Data excerpts:
━━━━━━━━━━━━━━━━━━━━
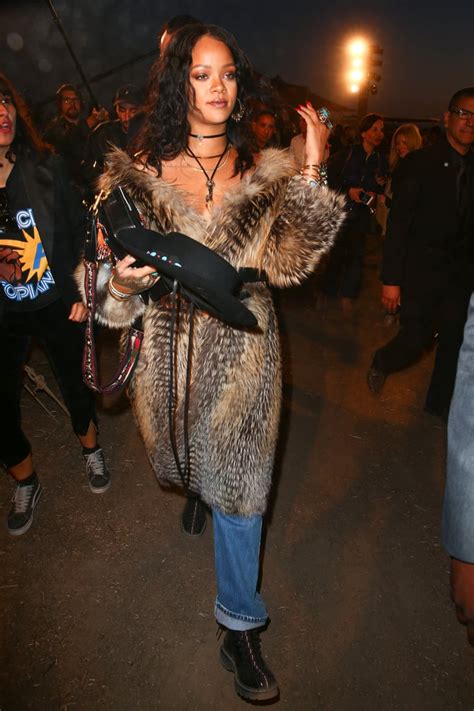 Rihanna Drinking Wine At Dior Fashion Show May 2017 Popsugar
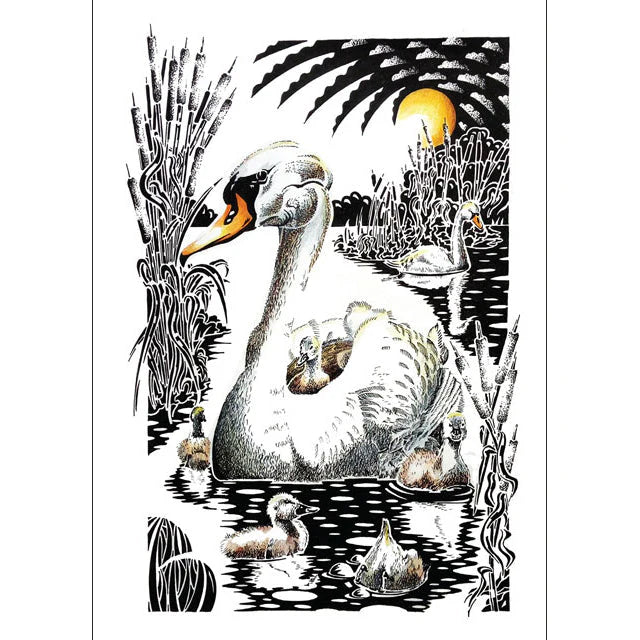 Swan Greeting Card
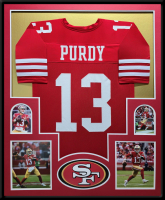 Brock Purdy Custom Framed Jersey at PristineAuction.com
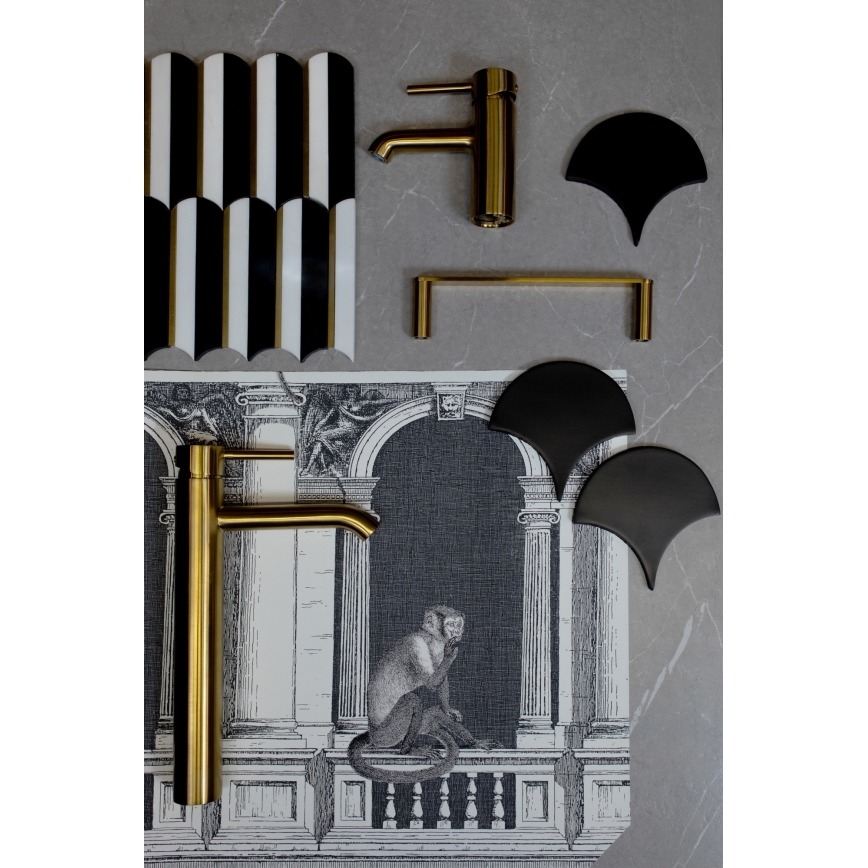 KFA Armatura 864-025-31 - Suporte de parede para toalha 24 cm aço inoxidável/solo dourado
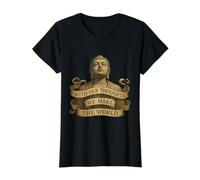 with Our Thoughts We Make the World - Buddha Quote - LOA Value Graphic T-Shirt, Women, Black, S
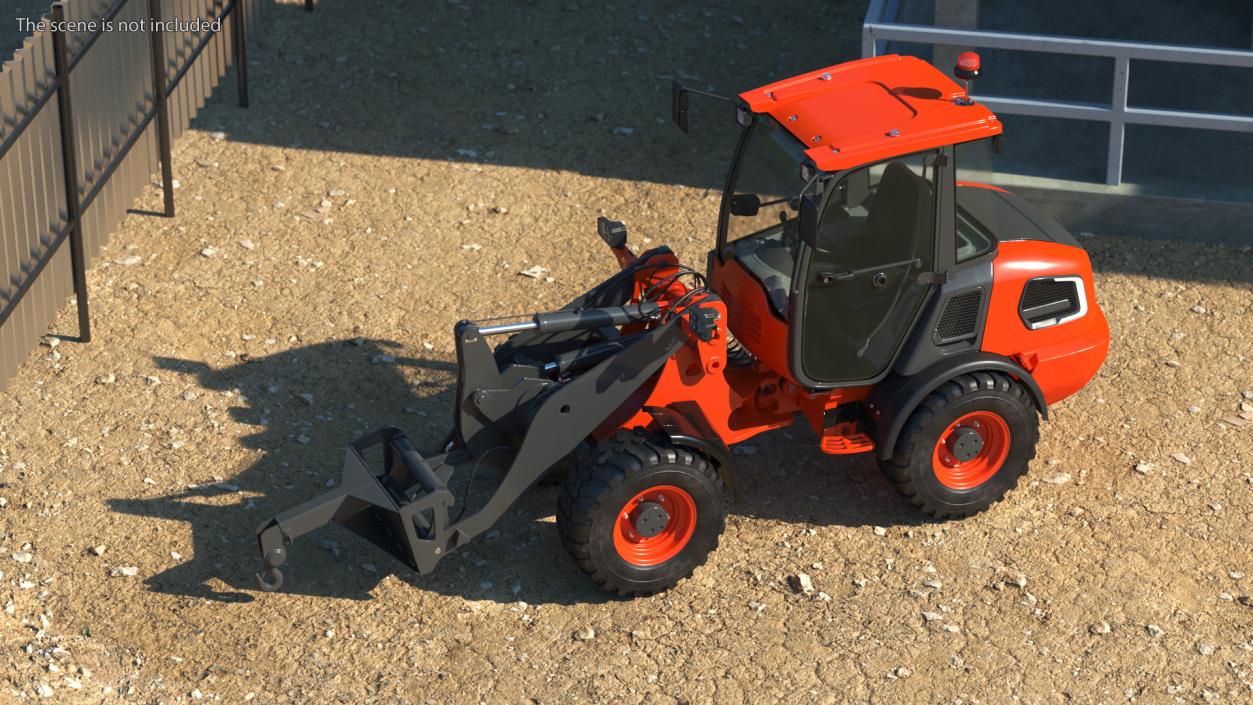 Electric Loader with Material Handling Arm 3D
━━━━━━━━━━━━━━━━━━━━
Exercise brief: Copy out every entry above exactly. Leave the pictures out.

Task response:
 Rihanna Drinking Wine At Dior Fashion Show May 2017 Popsugar
 Swan Greeting Card
 Brock Purdy Custom Framed Jersey at PristineAuction.com
 KFA Armatura 864-025-31 - Suporte de parede para toalha 24 cm aço inoxidável/solo dourado
 with Our Thoughts We Make the World - Buddha Quote - LOA Value Graphic T-Shirt, Women, Black, S
 Electric Loader with Material Handling Arm 3D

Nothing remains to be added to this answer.